My luck in what I found was written in the stars- I was given the opportunity to manage the front office in the elementary school that all of my kids attended. Could it get any better? Even though I lost my kids 50 percent of the time, I would still be there to brush their hair and do braids when they got dropped off by their dad, provide anything they might have forgotten- when you suffer from divorce guilt, these things go a LONG way for a LONG time. I also have an amazing boss that allowed them to hang out in our staff lounge before and after school for years to make it work for me, my commute is a ¼ mile and my health benefits cover me and my kids for FREE!
Despite all the pros, there is one BIG con. I’m capable of so much more- and my heart won’t let me forget it. When your pros list starts to lose its luster and you start to dream of the next chapter, you have to listen. But god is it scary… when you’re so comfortable that you could do your job with your eyes closed and your hands tied behind your back, the low level of stress that affords me should be applauded, right? I wish it could be enough- I love being within a block of all of my kids schools in case there’s an emergency- to catch every sporting event even when they start at ridiculously early times for working parents. I never miss anything. But it’s time to be the mom that doesn’t make every single event- it’s going to sting for a while- but I want my kids to see me thriving at something that brings me joy.
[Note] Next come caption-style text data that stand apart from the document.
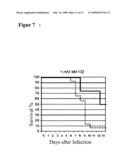  METHOD FOR TREATING INFLUENZA VIRUS INFECTION diagram and image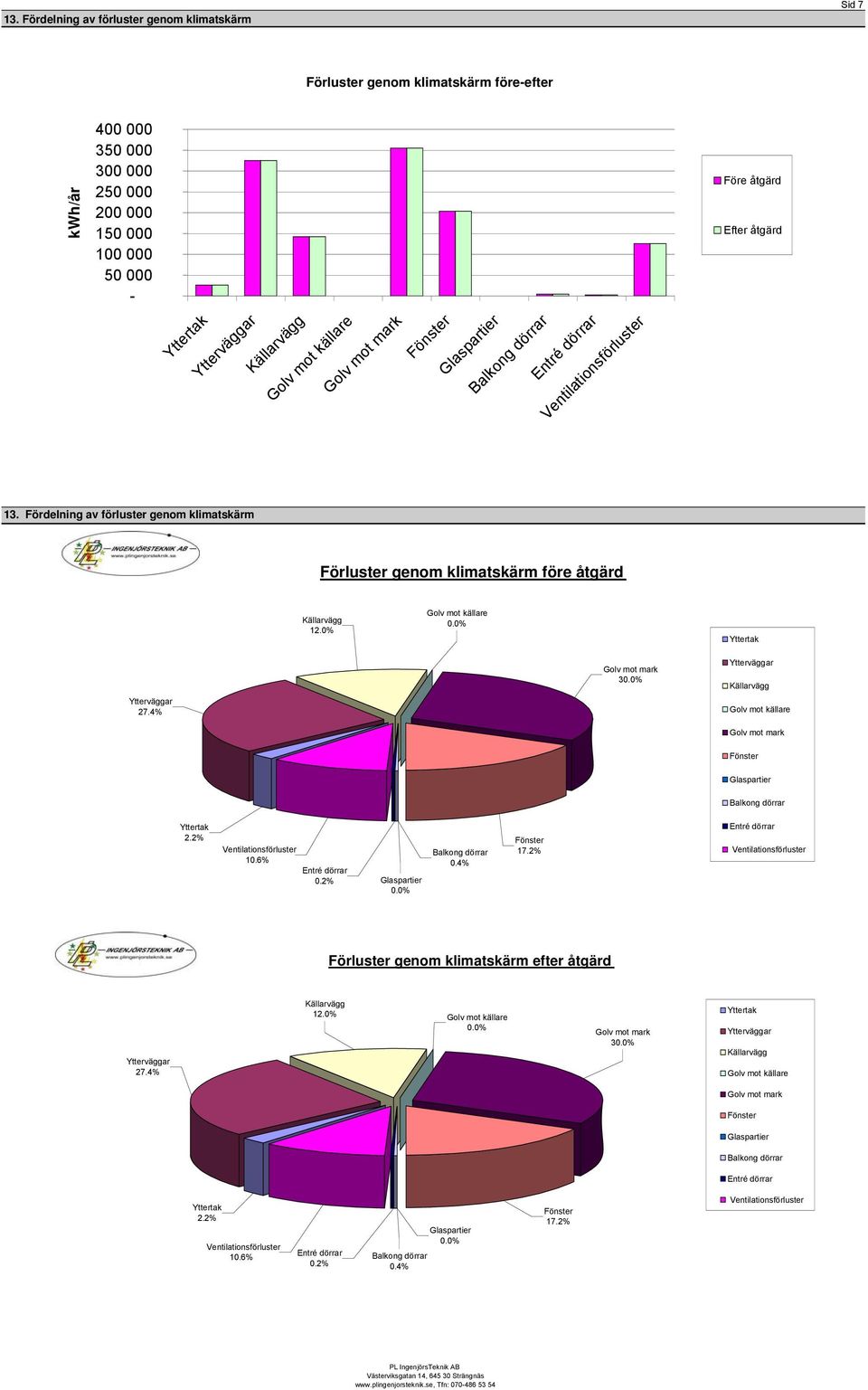 % Golv mot källare 2.2% Ventilationsförluster.6%.2%.%.4% 7.2% Ventilationsförluster Förluster genom klimatskärm efter åtgärd 27.4% 2.% Golv mot källare.% 3.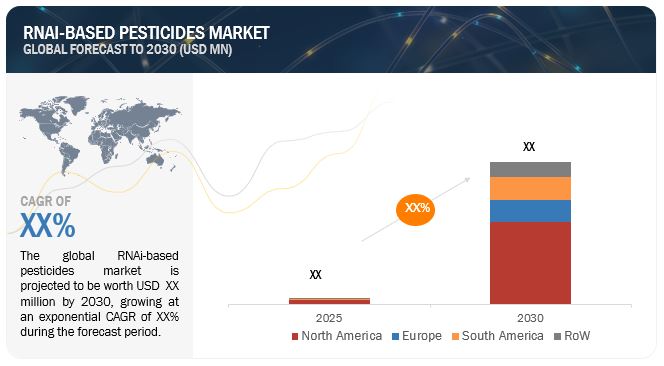 RNAi & Peptide-Based Pesticides Market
So here I go, back to the land of Indeed.com and LinkedIn- it’s daunting at 48- you start to wonder if people will only go with younger- and that’s the first time I’ve started a job search feeling that way. But there’s one thing I have that a 24 year old does not-besides stretch marks from 3 kids- I know who I am and what I’m capable of- I don’t doubt myself or what I can accomplish if given the chance so throw out some good karma that my dream job decides that the wise choice is to go with the aged fine wine!